- _How to complete this task_
With the images removed, transcribe the listing that follows exactly.

- _Source material_
········

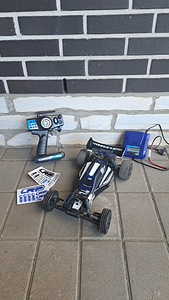 RC off-road puldiga auto (5 foto / 6)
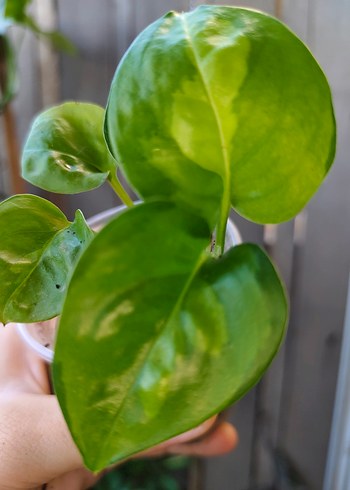 epipremnum aureum global green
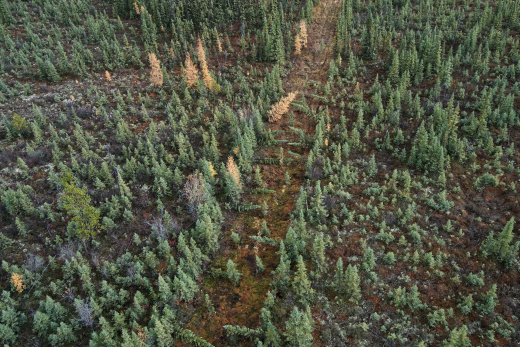 Kotcho Lake restoration Area - FNFN - Ryan Dickie
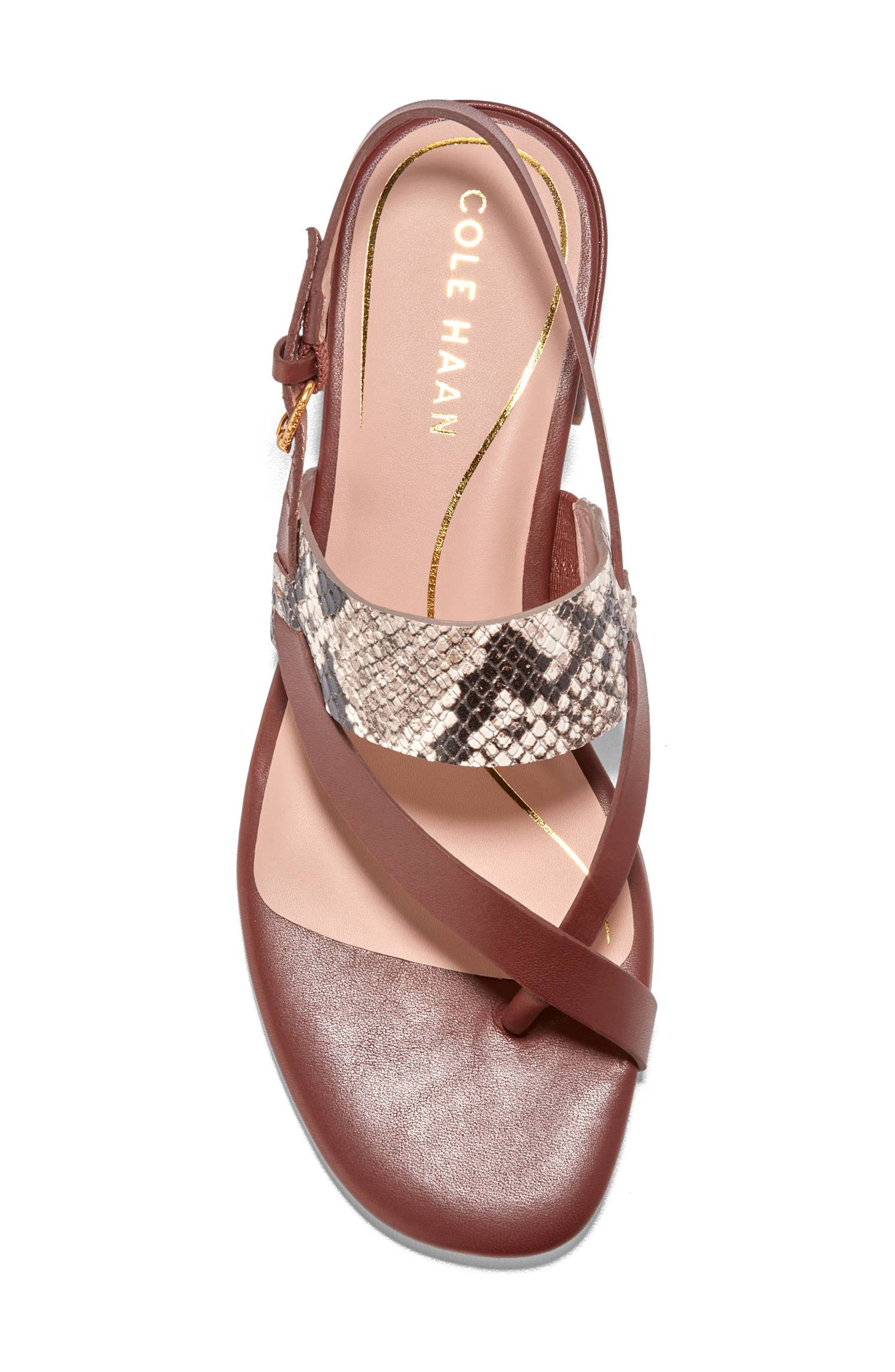 Anica Lux Slingback Sandal, Alternate, color, SANDOLLAR PRINT SOHO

········

- _Output of the task_
 RC off-road puldiga auto (5 foto / 6)
 epipremnum aureum global green
 Kotcho Lake restoration Area - FNFN - Ryan Dickie
 Anica Lux Slingback Sandal, Alternate, color, SANDOLLAR PRINT SOHO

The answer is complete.